NZ Hops assessing hail impact on crop
New Zealand Hops is hopeful the damage inflicted by a freak hailstorm last week will not leave brewers empty-handed this year.
A Boxing Day hailstorm shredded the leaves off the bine on a number of farms in the Nelson area meaning the hops had no chance to keep growing and produce flowers.
NZ Hops chief executive Craig Orr says his organisation is still working out how the damage will affect the forecast crop yield but remains hopeful that brewers will get the bulk of what they need in 2021.
“It will be another fortnight before we can determine our forecast for total crop yield,” Orr told Brews News.
“While we’re yet to get a full picture on what production will look like it seems as if where we had surplus last year, this year there will be no surplus.”
The hardest hit varieties were Riwaka and Nelson Sauvin, which Orr said had been “heavily hammered”.
#hail #motueka pic.twitter.com/0cgeP8NOm1
— Ben Hodges (@SkyWarble) December 26, 2020
NZ Hops is a co-operative of 28 growers and a total of five growers, and six farms, were hit by the hailstorm, which produced hailstones the size of large grapes.
“The fact that it was contained in that one area around Moutere has helped. Had it occurred in Tapawera it would have been a different story.”
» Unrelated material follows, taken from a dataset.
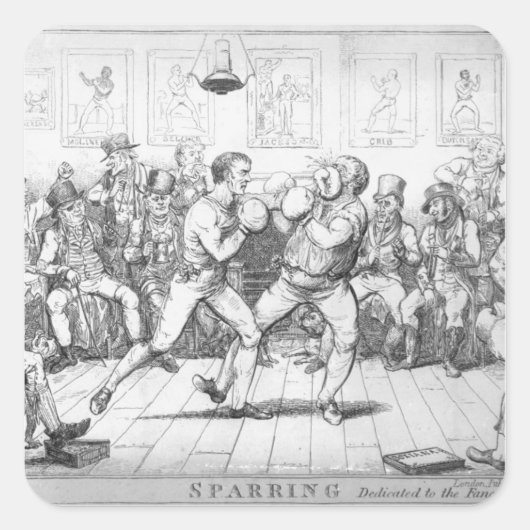 Sparring, 1817 quadratischer aufkleber (Vorderseite)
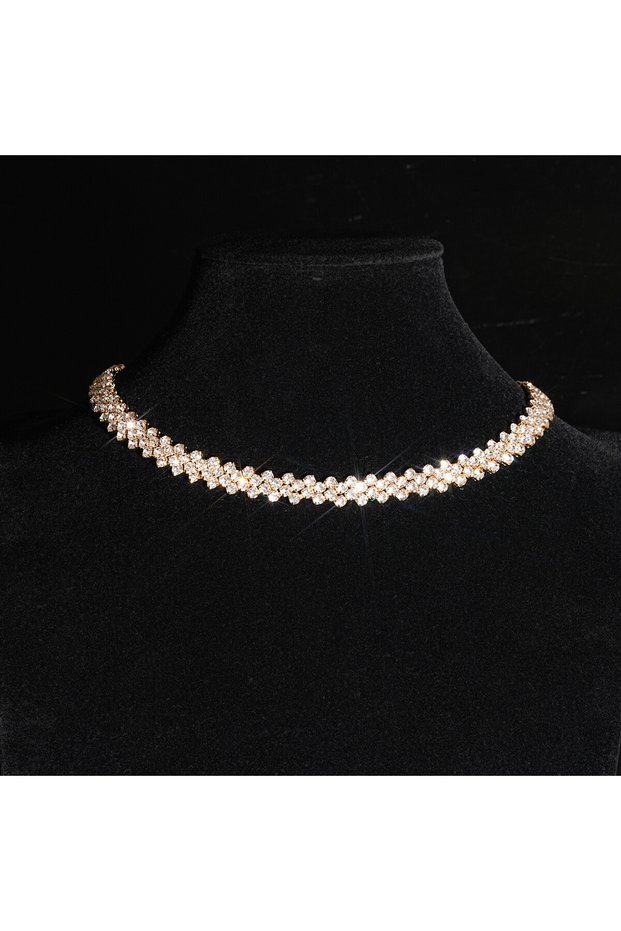 gold FYUAN Fashion Red Green Blue Colourful Rhinestone Choker Necklaces for Women Geometric Crystal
One of the reasons NZ Hops can’t fully assess the total loss yet is because they don’t know how some of the damaged bines might recover from the pruning handed out by nature.
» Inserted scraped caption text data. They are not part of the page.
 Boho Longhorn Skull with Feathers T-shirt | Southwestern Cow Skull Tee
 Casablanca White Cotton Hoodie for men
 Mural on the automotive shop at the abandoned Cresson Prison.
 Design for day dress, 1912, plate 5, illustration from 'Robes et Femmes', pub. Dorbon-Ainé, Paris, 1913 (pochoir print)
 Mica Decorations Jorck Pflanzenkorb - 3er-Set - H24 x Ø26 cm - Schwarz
“It’s definitely a war zone in some parts and the worst damaged plants will taken out and burnt but one of the keys for us is to see how the laterals on remaining varieties will respond under new growth conditions – if we get good weather like we’re having this week and there’s no other adverse events they might come back.”
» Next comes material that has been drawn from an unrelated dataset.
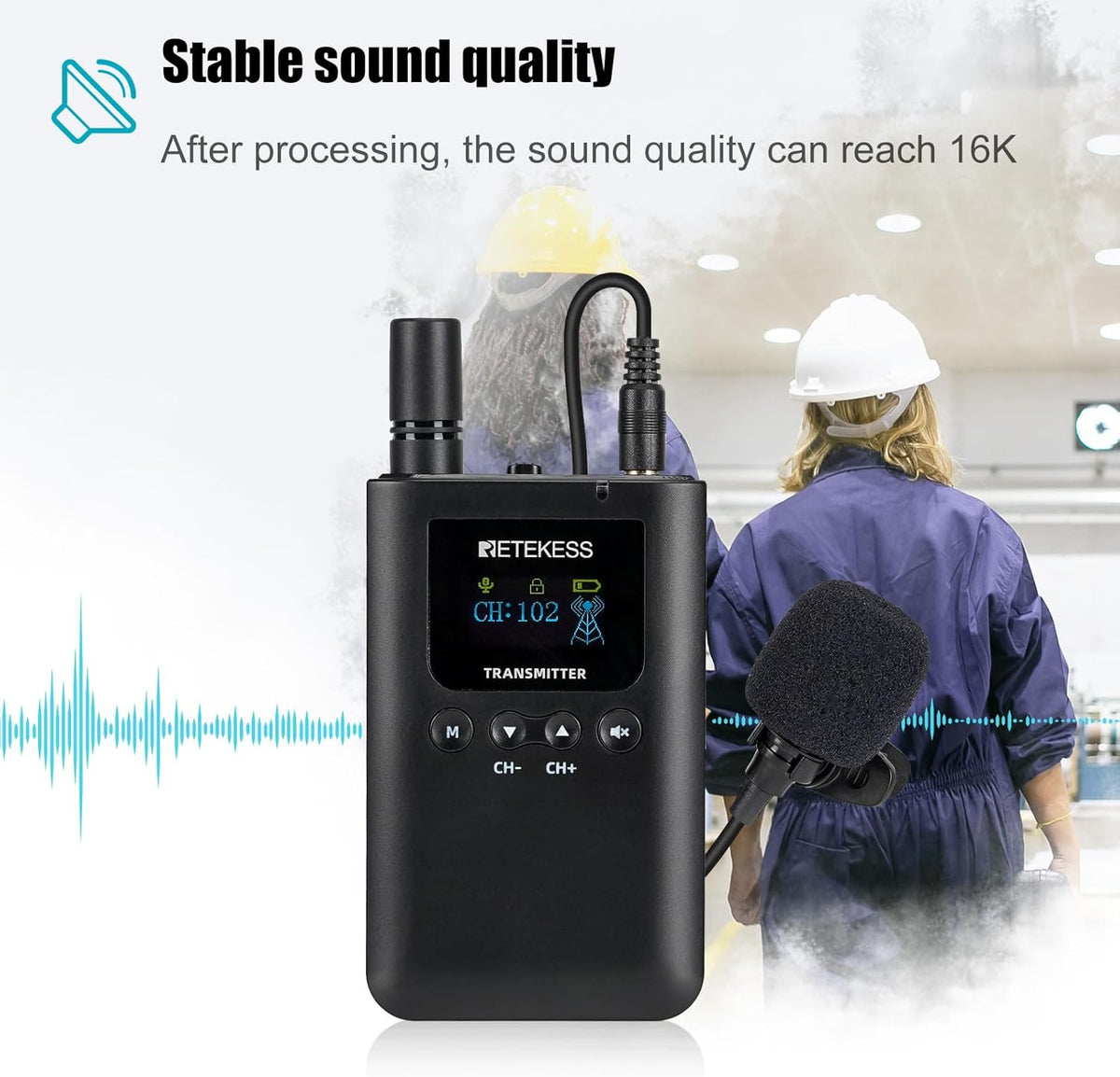 Retekess TT125 Audiotourgidssysteem, 180 m Lange Batterijlevensduur Audiodescriptiesysteem met TT002 16-Slots Opladerbasis, voor Toerisme, Fabriek, Conferentie, Kerk, Universiteit, Training
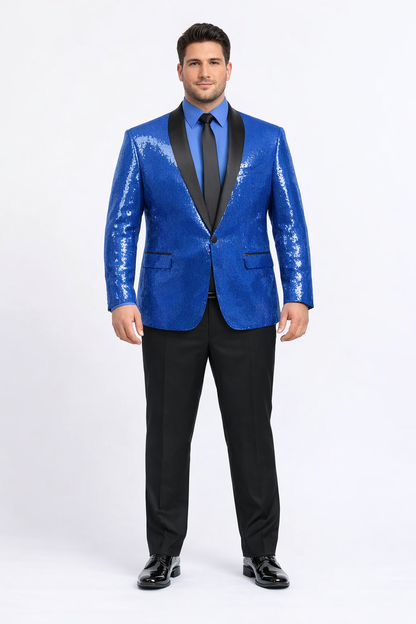 Shiny Flashy Sharkskin Metallic Sapphire Blue Sequin Formal Royal Color Tuxedo Shawl Lapel Sport coat Jacket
Brent McGlashen of Mac Hops said his family farm was one of the hardest hit by the storm.
“It’s the worst hailstorm this area has ever seen,” he told Stuff.co.nz. “The hail’s topped them. It’s short back and sides.”
“It’s a real shame because New Zealand hops and this community of growers is getting real traction in the international industry. We need as many hops as possible going into the international market.
“We’re just happy it wasn’t the whole area that got hit, if it was all out in Tapawera as well that would be very bad for the New Zealand brand.”